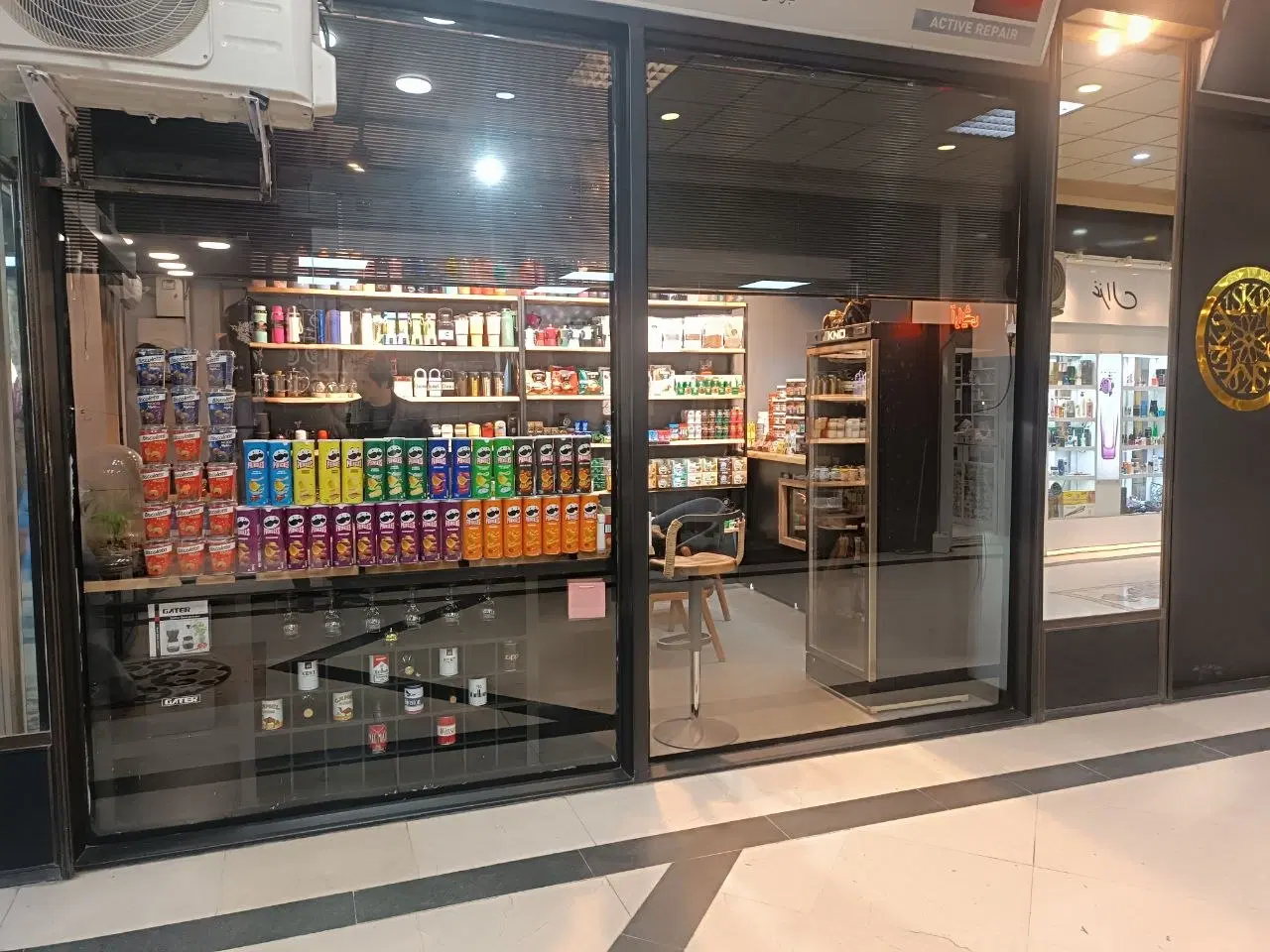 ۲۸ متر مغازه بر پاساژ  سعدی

...

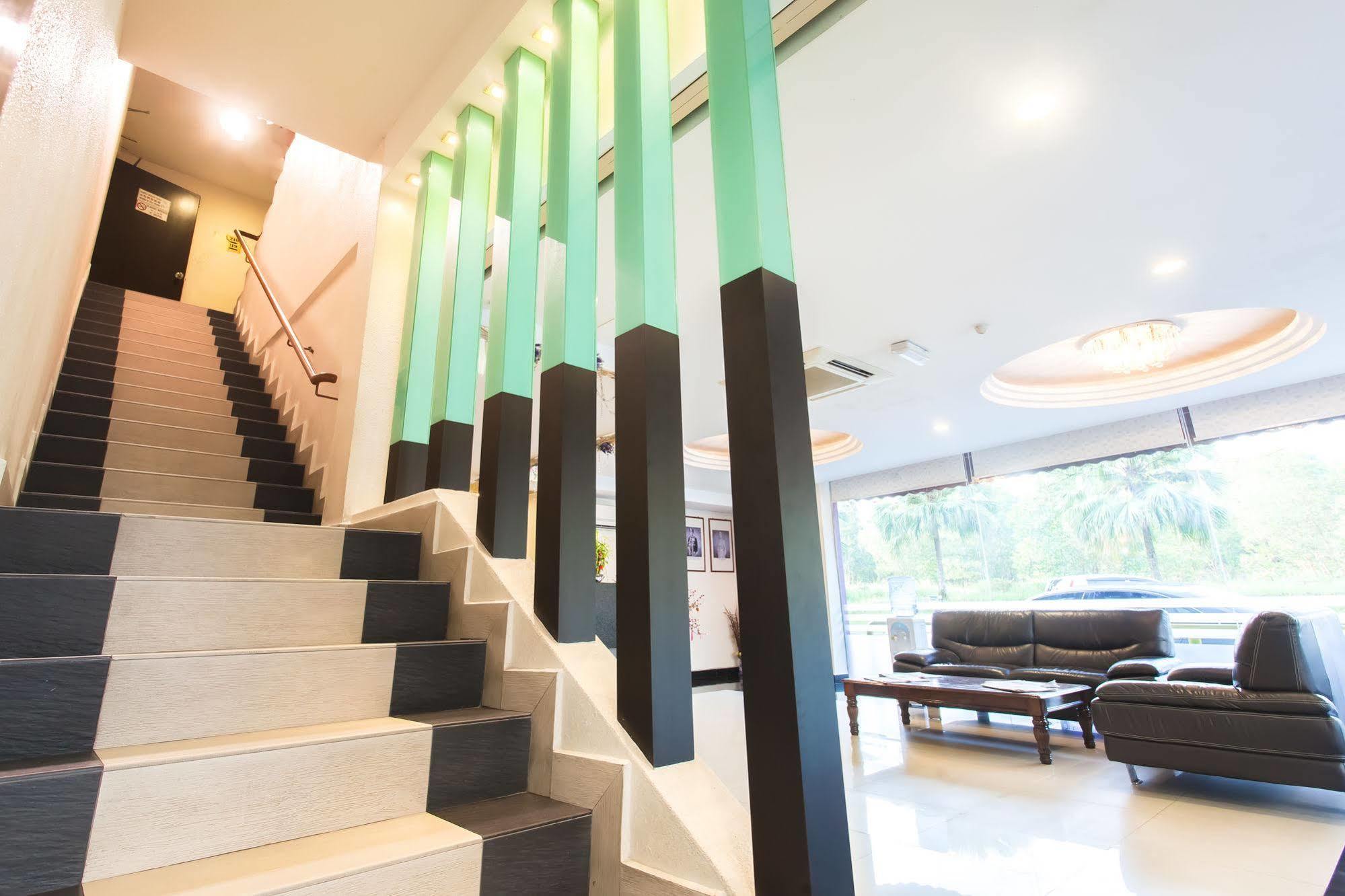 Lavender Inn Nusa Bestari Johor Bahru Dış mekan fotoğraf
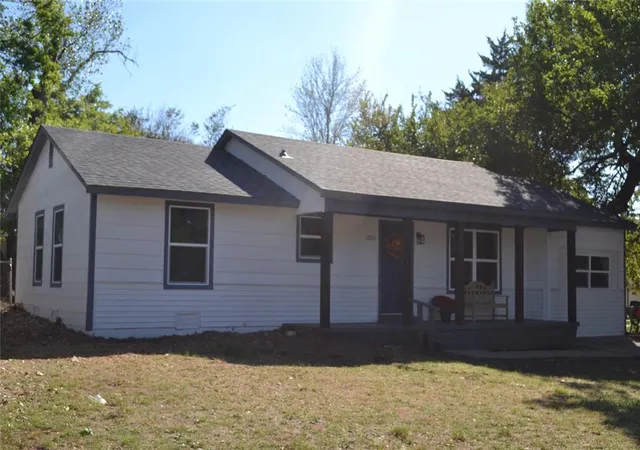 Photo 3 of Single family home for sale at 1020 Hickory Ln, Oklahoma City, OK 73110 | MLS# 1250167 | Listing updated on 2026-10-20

...

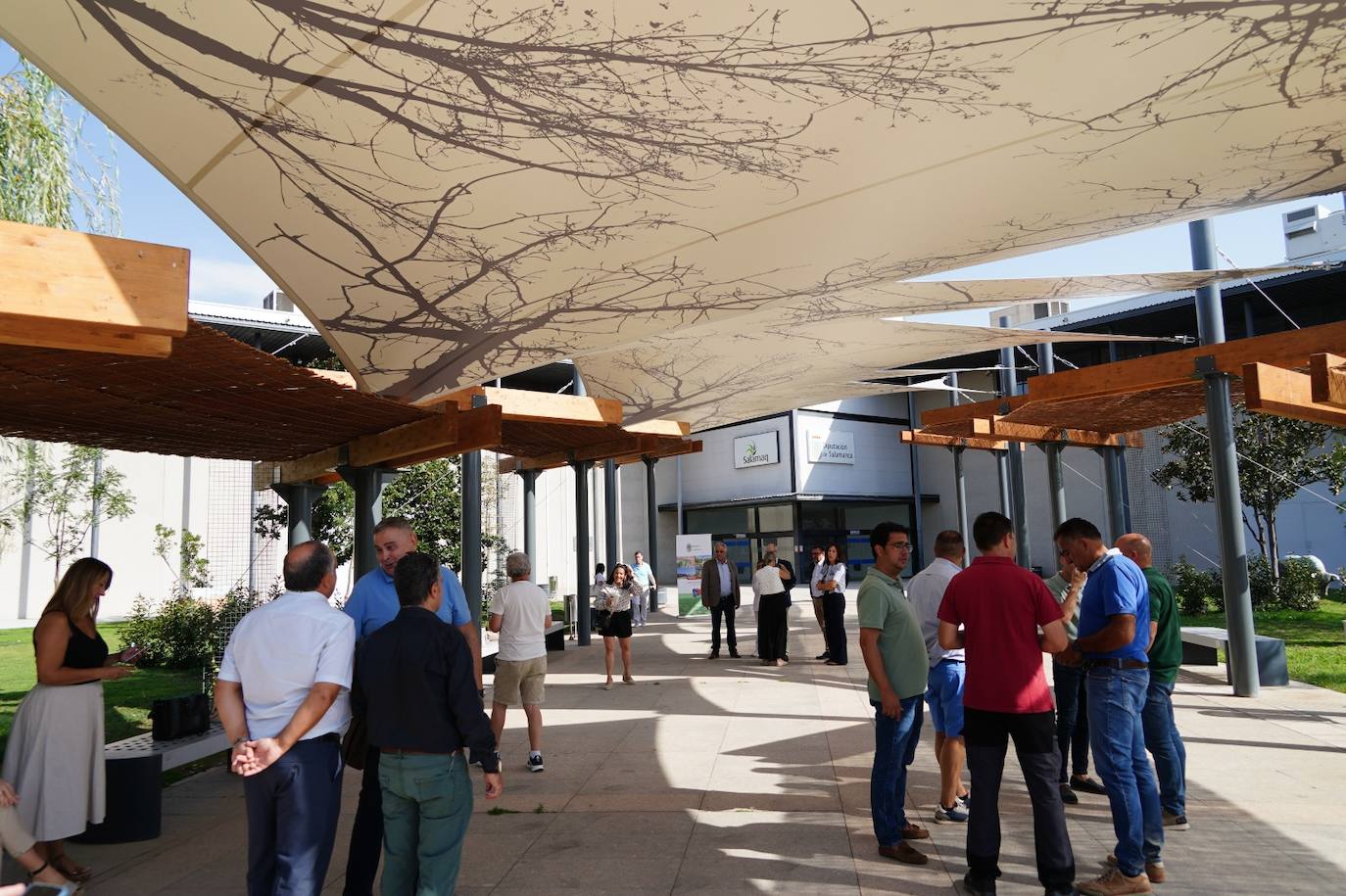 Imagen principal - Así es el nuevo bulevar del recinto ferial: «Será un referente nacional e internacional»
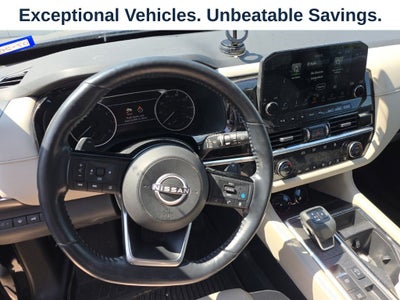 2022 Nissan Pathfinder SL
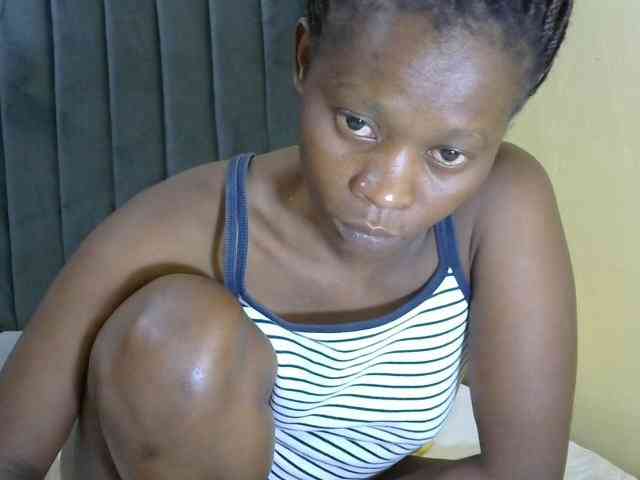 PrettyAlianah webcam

Task statement: In the listing above, find the line with "2022 Nissan Pathfinder SL" and the line with "PrettyAlianah webcam". Set down exactly those lines and everything between them, skipping pictures.

Result of the task:
 2022 Nissan Pathfinder SL
 PrettyAlianah webcam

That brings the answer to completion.